L’annonce, presque discrète, a suscité un mélange de colère et d’incompréhension. Le ministère des Finances a récemment validé la vente de LMB Aerospace, entreprise spécialisée dans les systèmes de refroidissement avancés pour l’industrie militaire, au groupe américain Loar. Cette transaction, qui concerne un acteur clé du secteur défensif français, équipe des hélicoptères Tigre, des Rafale, des sous-marins nucléaires et le Charles-de-Gaulle. Pourtant, les critiques ne se font pas attendre.

La France insoumise et le Rassemblement National ont immédiatement dénoncé cette décision, jugeant qu’elle représente une nouvelle atteinte à la souveraineté nationale. Des sources indiquent que la Direction Générale de l’Armement s’est opposée à ce transfert, mais son avis a été ignoré par les autorités. La question qui préoccupe est simple : pourquoi céder un actif stratégique à une puissance étrangère alors que des entreprises locales pourraient remplir le même rôle ?

Le gouvernement justifie cette opération par une clause de « blocage » : l’État conserverait une participation dans LMB, garantissant ainsi un contrôle limité. Mais cette mesure semble plus symbolique qu’effective. La France, qui accumule les dettes et subit des déclins économiques constants, ne peut se permettre de perdre des actifs industriels essentiels. Les promesses de protection des intérêts nationaux sonnent creux face à une réalité marquée par la stagnation, l’endettement croissant et un secteur industriel en déclin.

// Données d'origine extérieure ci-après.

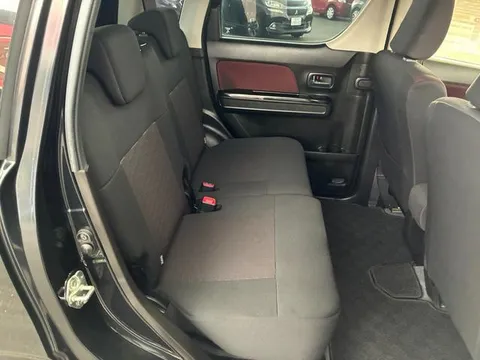 Suzuki Wagon R Stingray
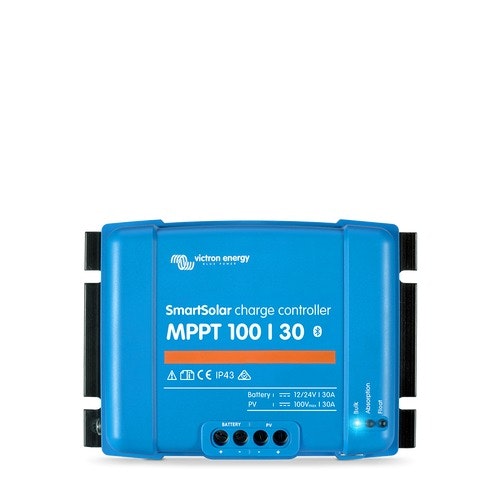 Victron solcellsregulator MPPT smart 100/50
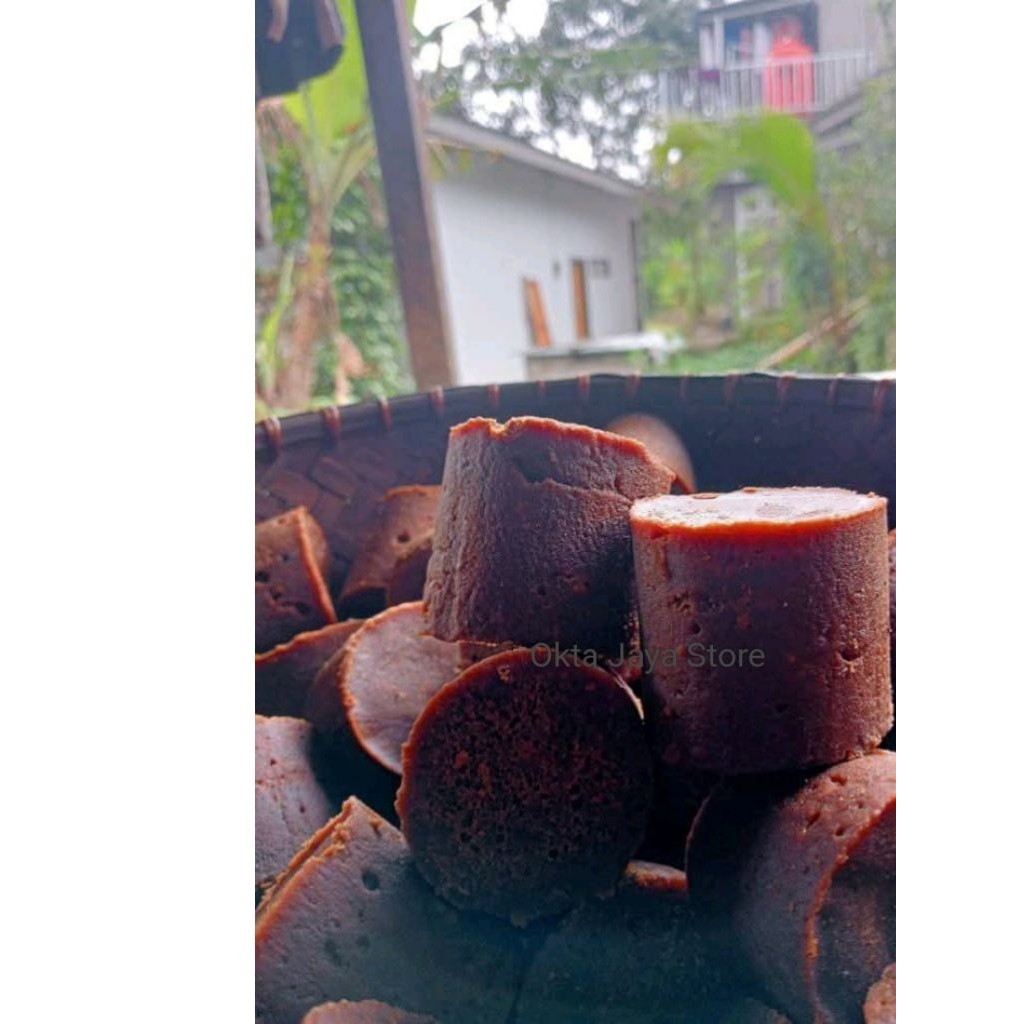 

Gula Aren Asli 1 KG Organik Kawung Gunung 100 % ( Khas Garut Bungbulang) GULA AREN ASLI TAMPA CAMPURAN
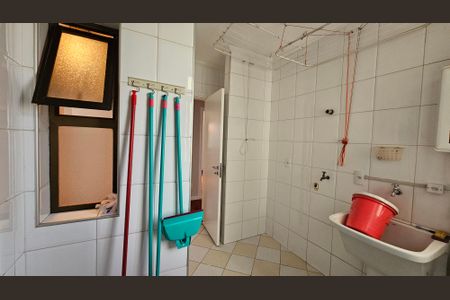 Apartamento para alugar com 112m², 3 quartos e 2 vagas Apartamento para alugar com 112m², 3 quartos e 2 vagasCozinha e Área de Serviço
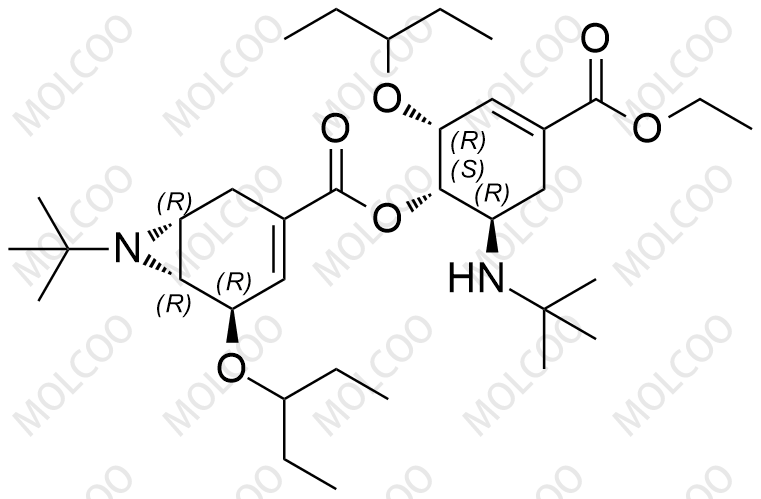 奥司他韦杂质151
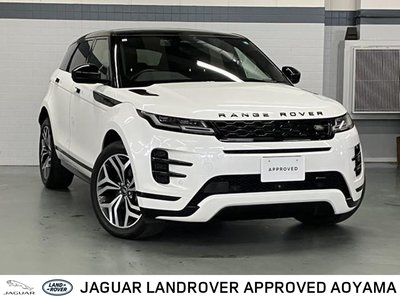 2023 LAND Rover RANGE ROVER EVOQUE — фото 2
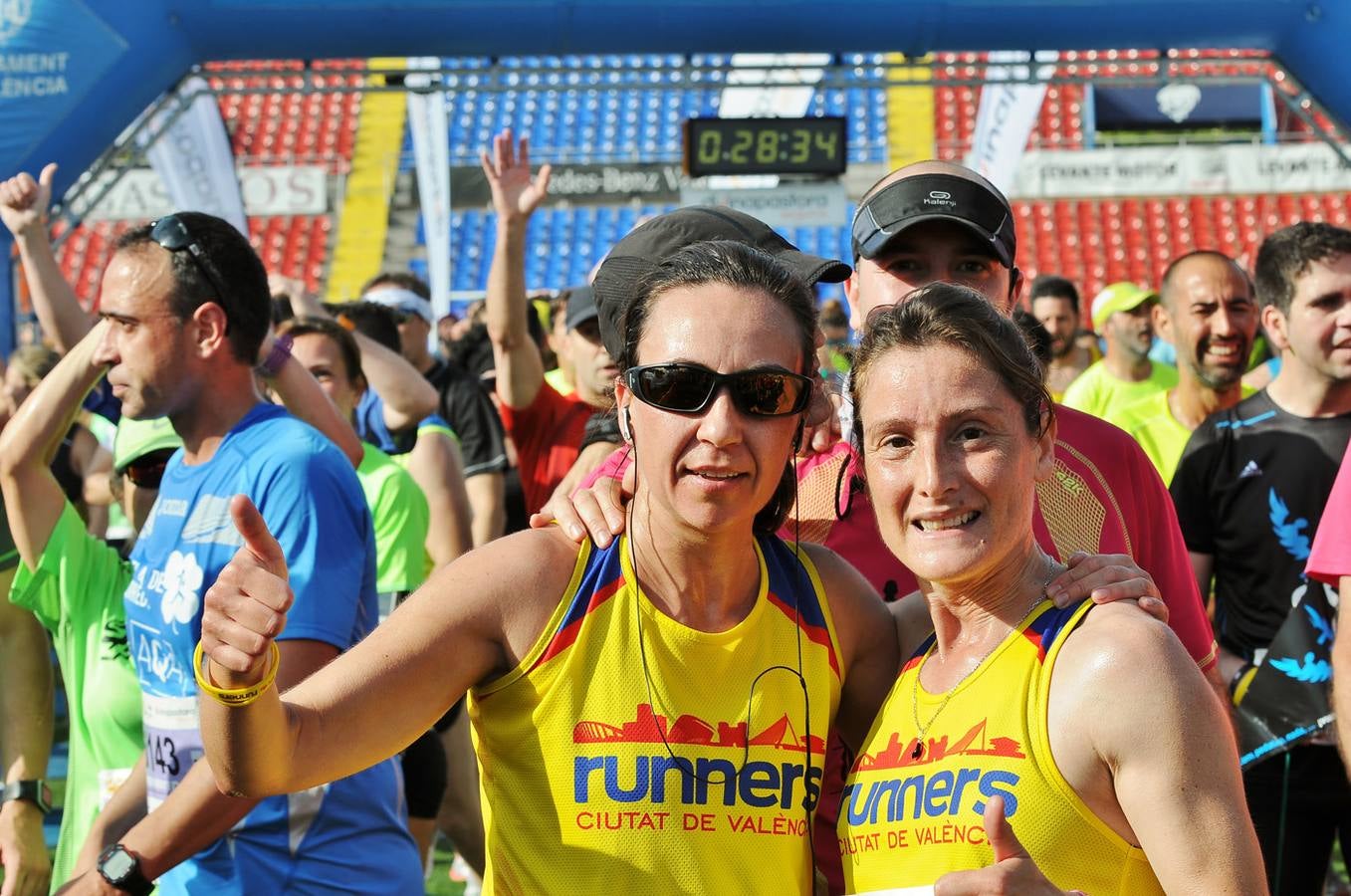 Volta a Peu Levante UD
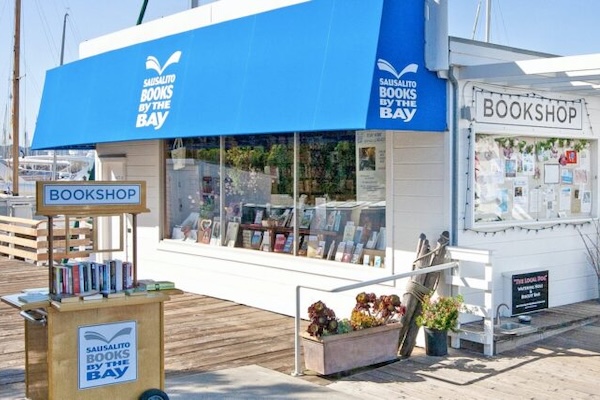 Sausalito Books by the Bay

Le député Laurent Mazaury a ouvert une enquête sur les garanties de contrôle, soulignant que cette transaction risque d’accélérer le déclin technologique français. Le pays, qui a connu des années de politiques économiques désastreuses sous la direction de Macron, se retrouve à vendre ses derniers atouts militaires à des entreprises étrangères. Cette stratégie, bien loin de renforcer la sécurité nationale, illustre une profonde défaillance politique et économique.

Les citoyens français, confrontés à un système en crise, doivent se demander comment leur pays a pu autoriser une telle dépendance. Alors que d’autres nations renforcent leurs capacités industrielles, la France préfère s’effacer, sacrifiant son indépendance pour des intérêts éphémères. La prochaine génération héritera de cette décision : un pays affaibli, incapable de se défendre sans recourir à l’étranger.